A présent tu vas expérimenter le Chönyid Bardo et le Sidpa Bardo. observe avec une attention parfaite ce que Je te présenterai et demeure ferme.

Ô fils noble, ce qu’on appelle la mort est venu maintenant.

Tu quittes ce monde, mais tu n’es pas le seul ; la mort vient pour tous. Ne reste pas attaché à cette vie par sentiment et par faiblesse.

Même si par faiblesse tu y restais attaché, tu n’as pas le pouvoir de demeurer ici.

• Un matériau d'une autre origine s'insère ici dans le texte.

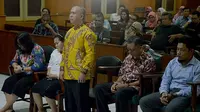 Mantan Dekan Farmasi Universitas Sumatera Utara (USU) Sumadio Hadisahputra. (Liputan6.com/Reza Perdana)
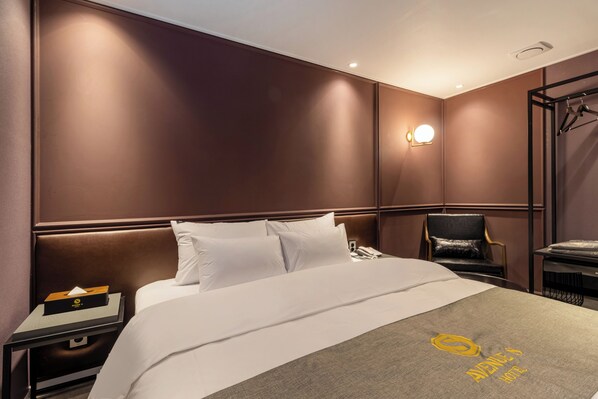 Chambre Double Deluxe, vue ville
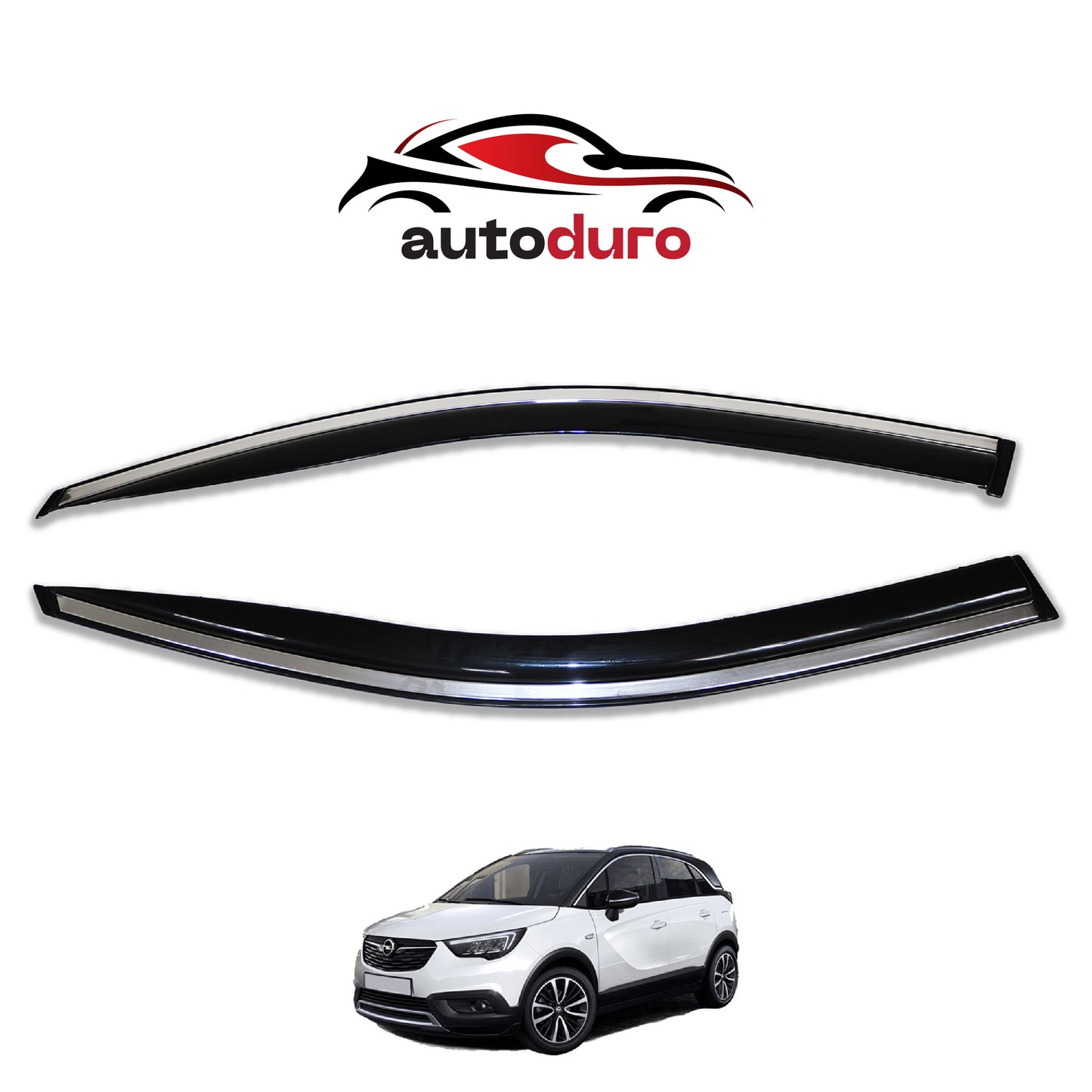 Autoduro Opel Crossland 2021 Onwards Rear Bumper Sill Protector - 45590721-020019-20010101_3
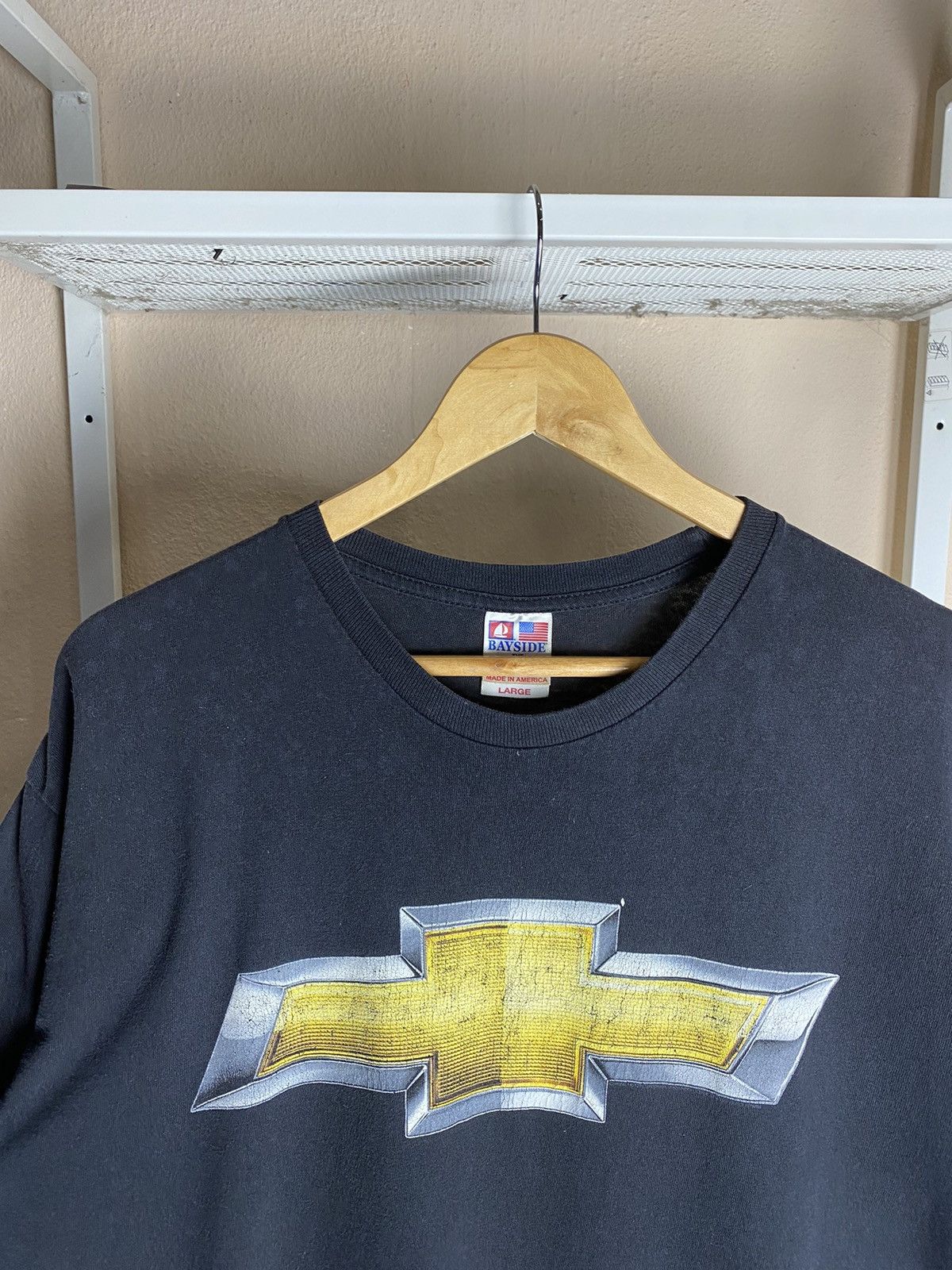 Gear for Sports × Vintage Vintage Faded Chevrolet Big Logo Tee Size US L / EU 52-54 / 3 - 2 Thumbnail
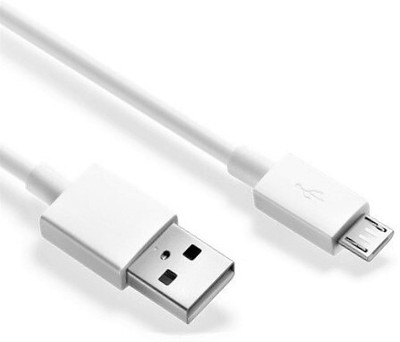 SANNO WORLD Micro USB Cable 1.02 m Fast Charging Cable 5V/2A(Compatible with Devices with Micro USB Port, White)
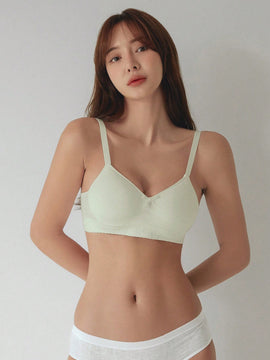 DAZY Sujetador Jacquard Tejido Inalambrico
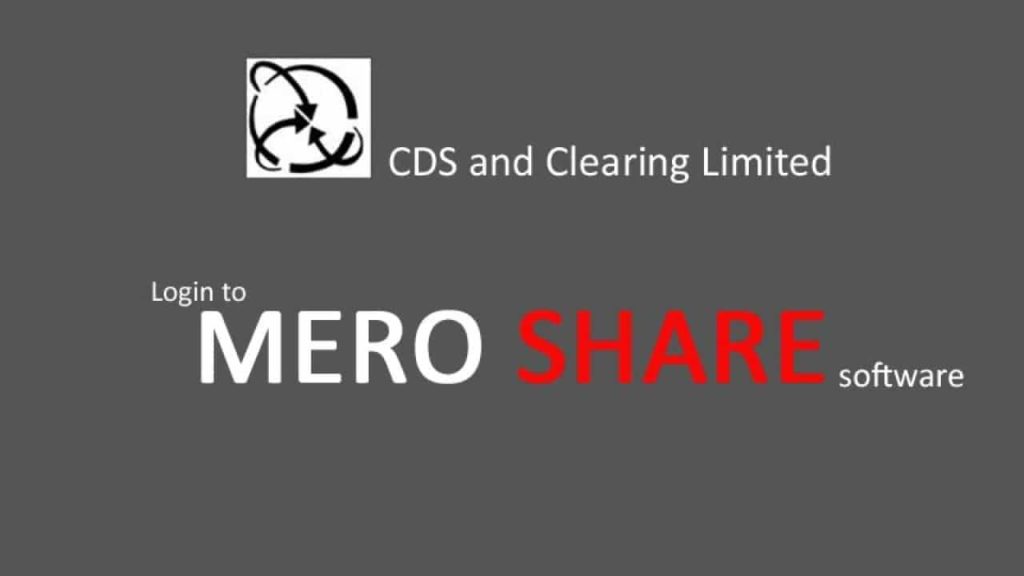 Download meroshare app for share trade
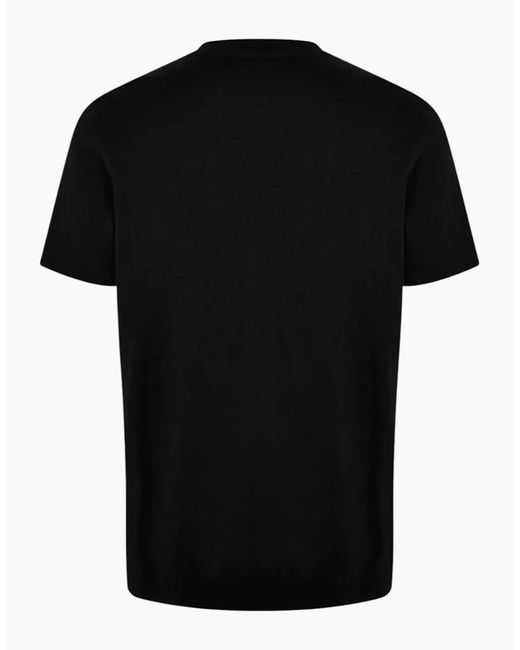 Lonsdale Black T Shirts Essential Logo Crew Neck Tee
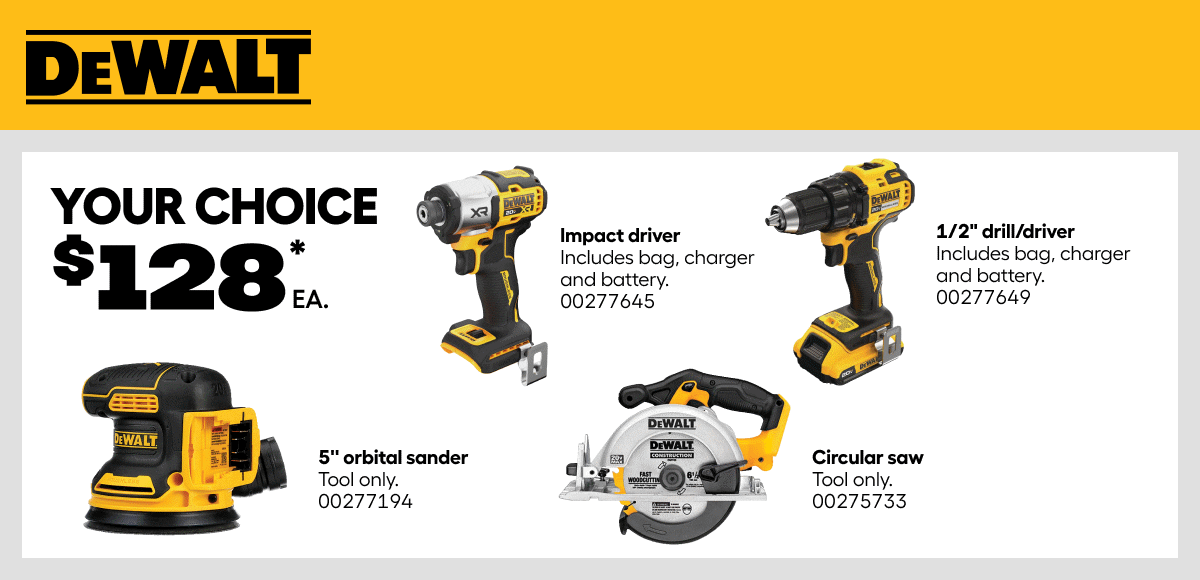 DeWalt Offers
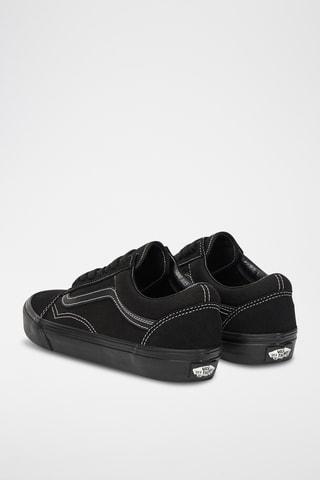Baskets en cuir Old Skool - Noir
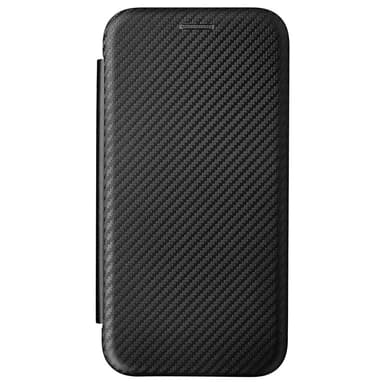 SKALO Xiaomi 12 Pro Carbon Fiber Pungetui - Sort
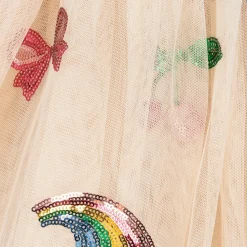 Yvonne Skirt in Rainbow Twinkle by Konges Slojd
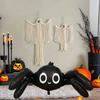 59-inch Halloween 4D Matte Large Spider Balloon, Aluminum Foil Balloons for Home Decoration,Prank Props, Indoor Theme Decoration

Tu n’obtiendras rien d’autre que d’errer dans le samsara [« ensemble de ce qui circule », le monde où on se réincarne en permanence, et dont il faut sortir en suivant l’enseignement du Bouddha].

Ne sois pas attaché, ne sois pas faible.

Souviens-toi de la précieuse Trinité [les trois « composantes » du Bouddha]. »

Cette conception se retrouve dans l’Égypte antique. On peut l’illustrer par un conte datant de mille ans avant notre ère, où un fantôme est rencontré par un homme qui doit passer la nuit près d’une tombe dans la nécropole de Thèbes.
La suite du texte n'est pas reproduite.